▶ _Your goal_
Which lines below fall between the one containing "Weird Puss Sexy" and the one containing "翡翠银S925镶嵌颈饰戒指4455"? Repeat them exactly, counting both of those lines, and add nothing else.

▶ _Information supplied_
┌──

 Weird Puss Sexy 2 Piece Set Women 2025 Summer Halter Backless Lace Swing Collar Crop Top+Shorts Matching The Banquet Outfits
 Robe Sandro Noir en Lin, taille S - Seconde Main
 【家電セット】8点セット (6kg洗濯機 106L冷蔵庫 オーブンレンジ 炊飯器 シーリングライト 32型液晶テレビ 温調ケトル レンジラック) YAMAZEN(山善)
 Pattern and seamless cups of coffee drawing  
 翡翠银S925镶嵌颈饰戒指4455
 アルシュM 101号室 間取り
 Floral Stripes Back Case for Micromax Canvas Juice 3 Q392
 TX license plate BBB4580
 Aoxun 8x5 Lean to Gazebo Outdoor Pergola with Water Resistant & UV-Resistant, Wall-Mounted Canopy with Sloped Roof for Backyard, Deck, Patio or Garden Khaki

└──
┌──

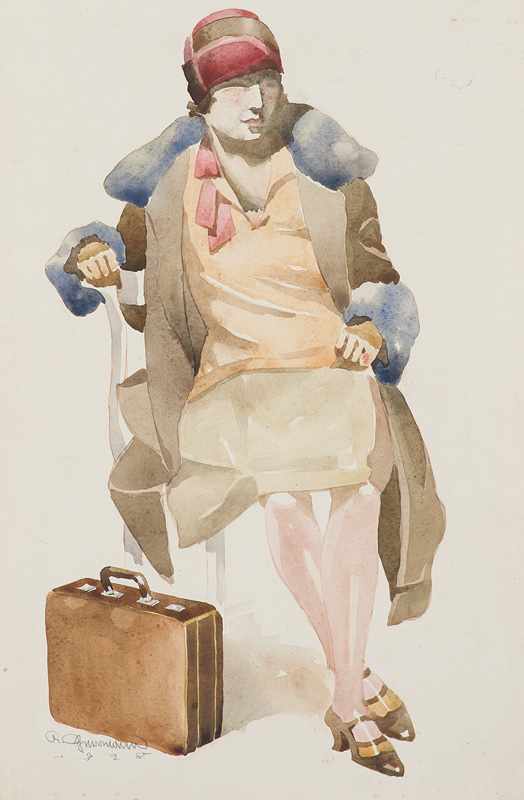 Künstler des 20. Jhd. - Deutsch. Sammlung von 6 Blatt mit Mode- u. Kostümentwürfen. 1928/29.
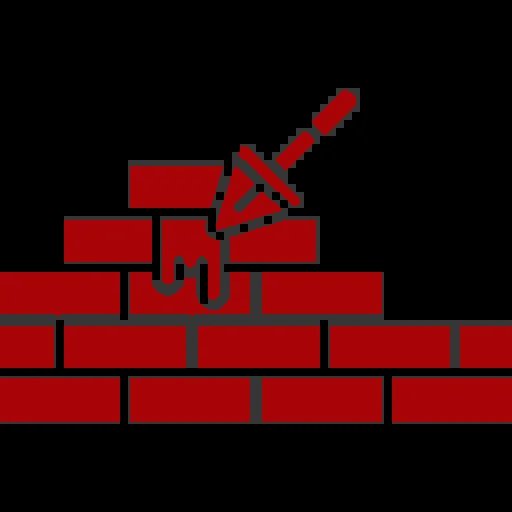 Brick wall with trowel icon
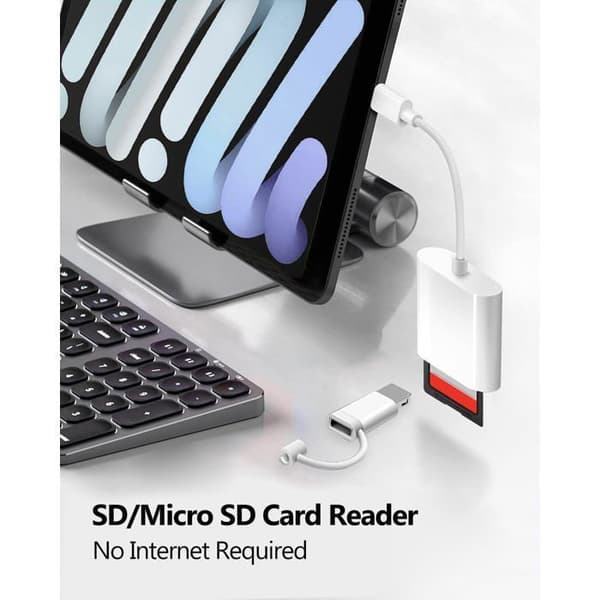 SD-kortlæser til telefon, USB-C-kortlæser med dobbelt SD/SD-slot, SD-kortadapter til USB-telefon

└──

▶ _Response for this exercise_
 Weird Puss Sexy 2 Piece Set Women 2025 Summer Halter Backless Lace Swing Collar Crop Top+Shorts Matching The Banquet Outfits
 Robe Sandro Noir en Lin, taille S - Seconde Main
 【家電セット】8点セット (6kg洗濯機 106L冷蔵庫 オーブンレンジ 炊飯器 シーリングライト 32型液晶テレビ 温調ケトル レンジラック) YAMAZEN(山善)
 Pattern and seamless cups of coffee drawing  
 翡翠银S925镶嵌颈饰戒指4455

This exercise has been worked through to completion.